What you should do
Go through the records and give the number of lines that include "minutes", with nothing else.

Supplied records
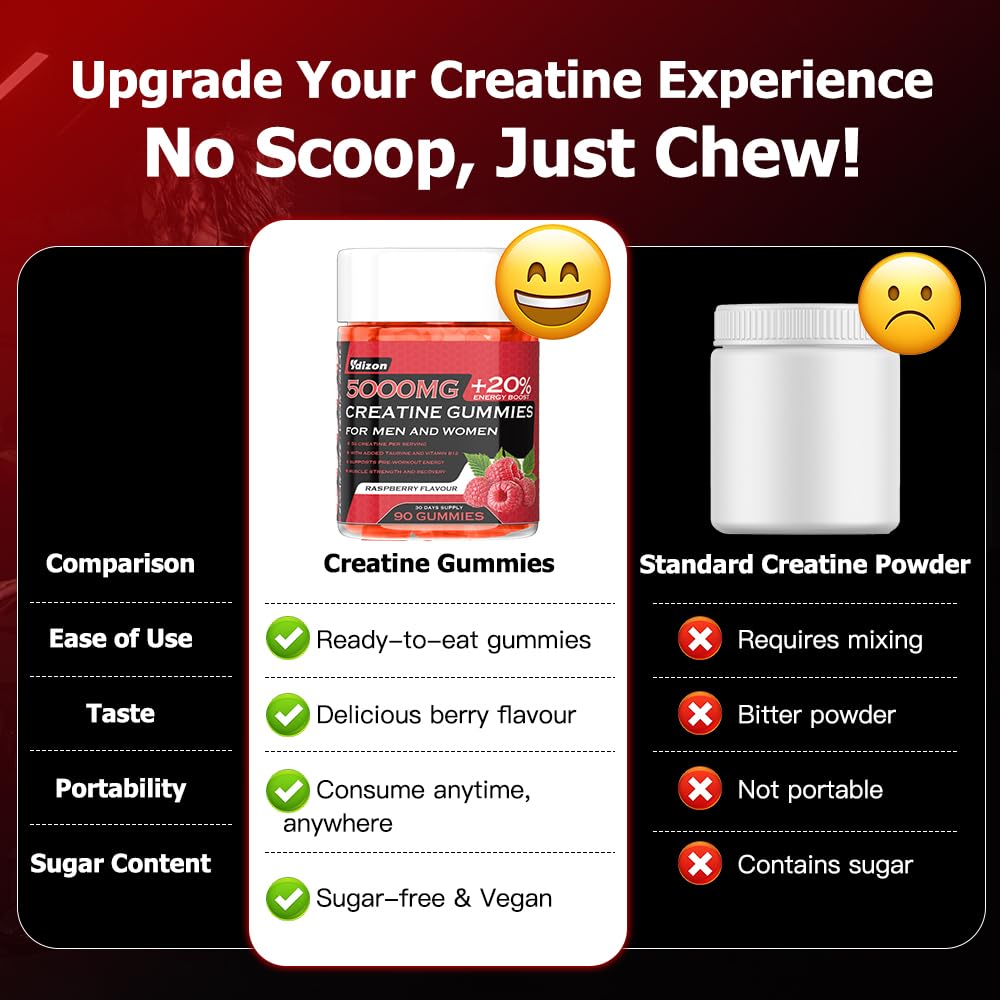 creatine-monohydrate-gummies-complex-for-4.jpg
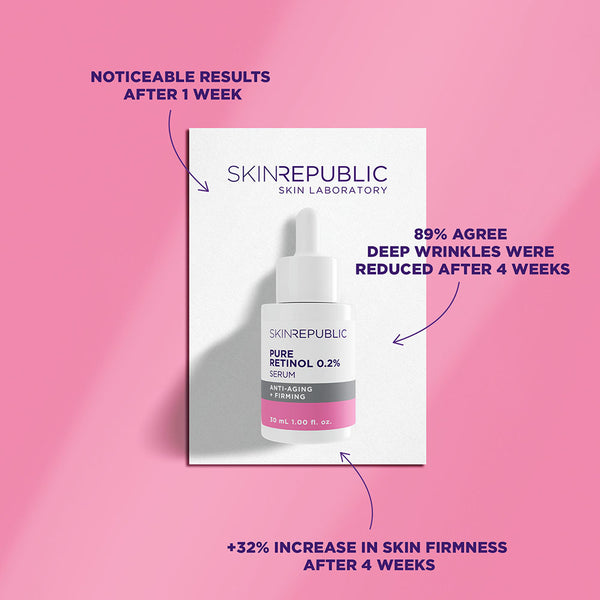Skin Republic 4 Step Routine For Fine Lines And Wrinkles - Skin Republic South Africa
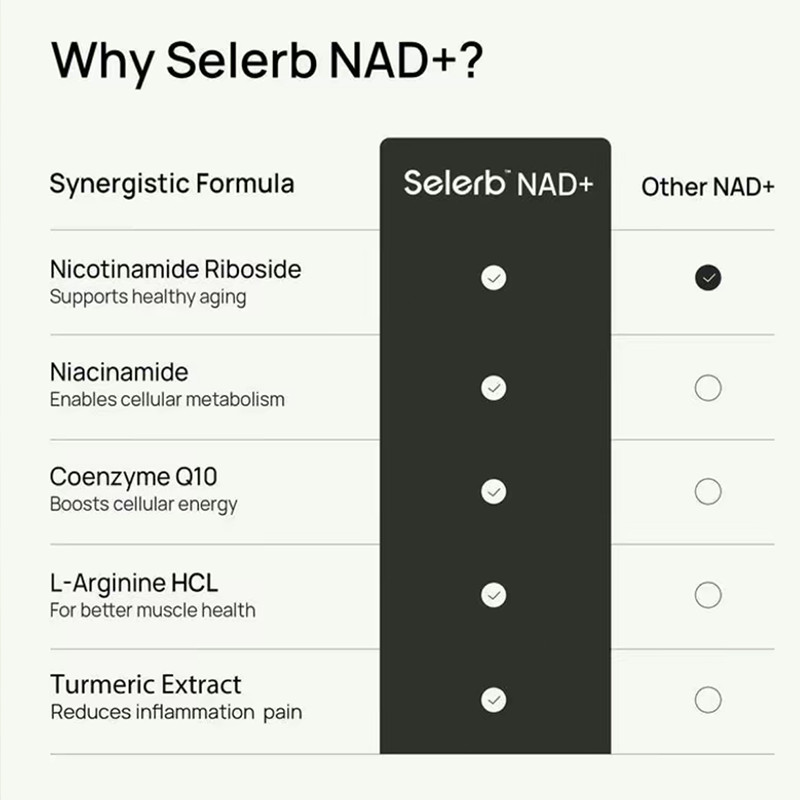 Selerb NAD+ Supplement for Men-With Liposomal-NAD+,CoQ10, L-Carnitine, L-Arginin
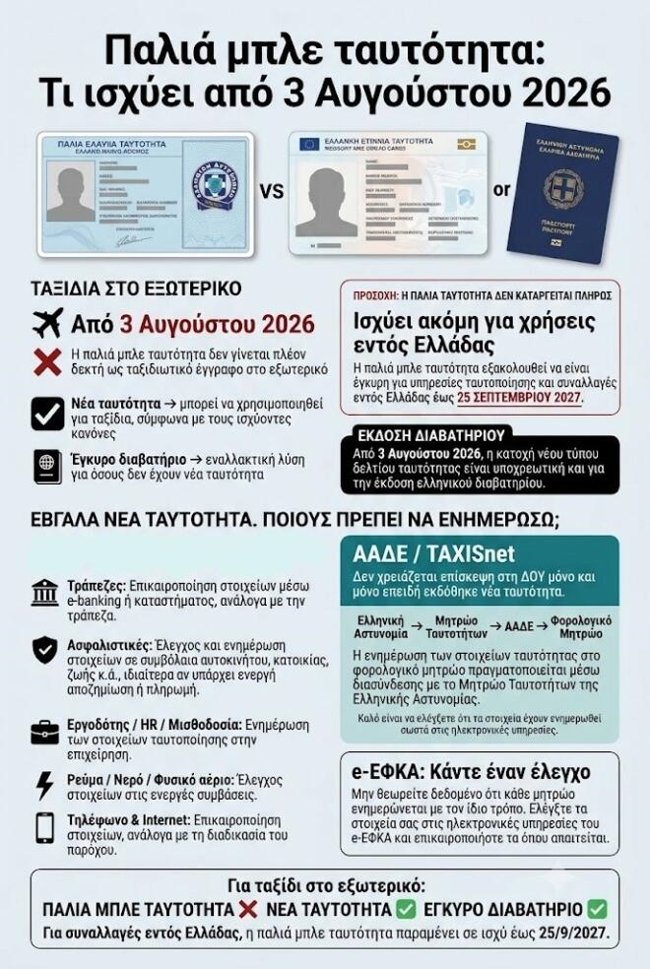 Νέες ταυτότητες: Ποιοι πρέπει να ενημερωθούν για την αλλαγή των στοιχείων - Τι ισχύει για τράπεζες, ασφαλιστικές, ΕΦΚΑ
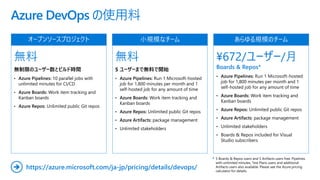 Azure DevOps の使用料
無料
無制限のユーザー数とビルド時間
• Azure Pipelines: 10 parallel jobs with
unlimited minutes for CI/CD
• Azure Boards: Work item tracking and
Kanban boards
• Azure Repos: Unlimited public Git repos
無料
5 ユーザーまで無料で開始
• Azure Pipelines: Run 1 Microsoft-hosted
job for 1,800 minutes per month and 1
self-hosted job for any amount of time
• Azure Boards: Work item tracking and
Kanban boards
• Azure Repos: Unlimited public Git repos
• Azure Artifacts: package management
• Unlimited stakeholders
¥672/ユーザー/月
Boards & Repos*
• Azure Pipelines: Run 1 Microsoft-hosted
job for 1,800 minutes per month and 1
self-hosted job for any amount of time
• Azure Boards: Work item tracking and
Kanban boards
• Azure Repos: Unlimited public Git repos
• Azure Artifacts: package management
• Unlimited stakeholders
• Boards & Repos included for Visual
Studio subscribers
https://azure.microsoft.com/ja-jp/pricing/details/devops/➔
5 Boards & Repos users and 5 Artifacts users free. Pipelines
with unlimited minutes, Test Plans users and additional
Artifacts users also available. Please see the Azure pricing
calculator for details.
*
 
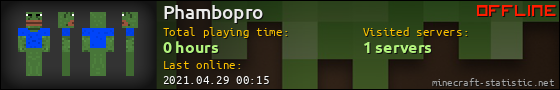 Phambopro userbar 560x90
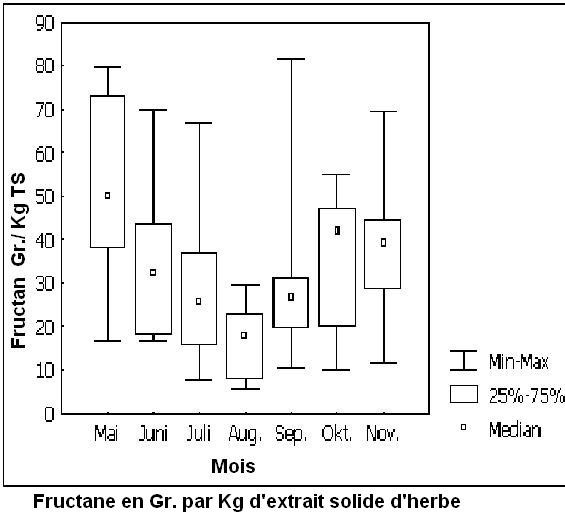 Fructan selon la saison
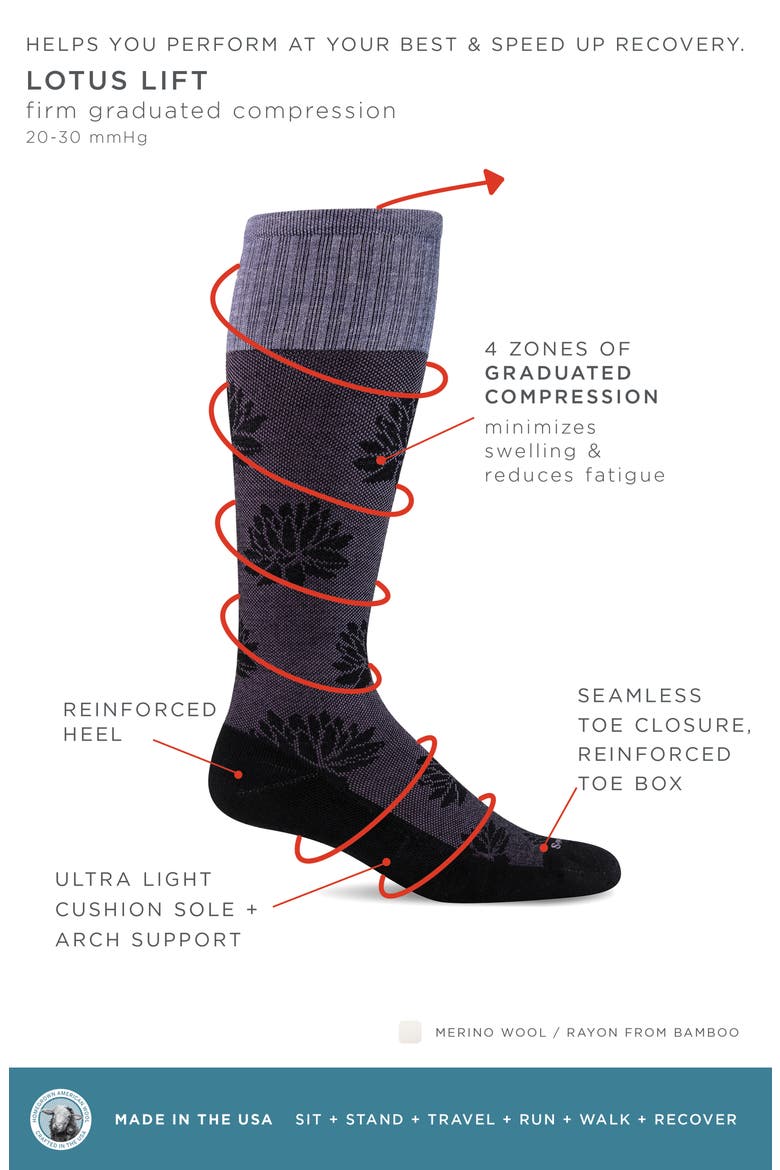 Lotus Lift Compression Socks, Alternate, color, BLACK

Expected answer
4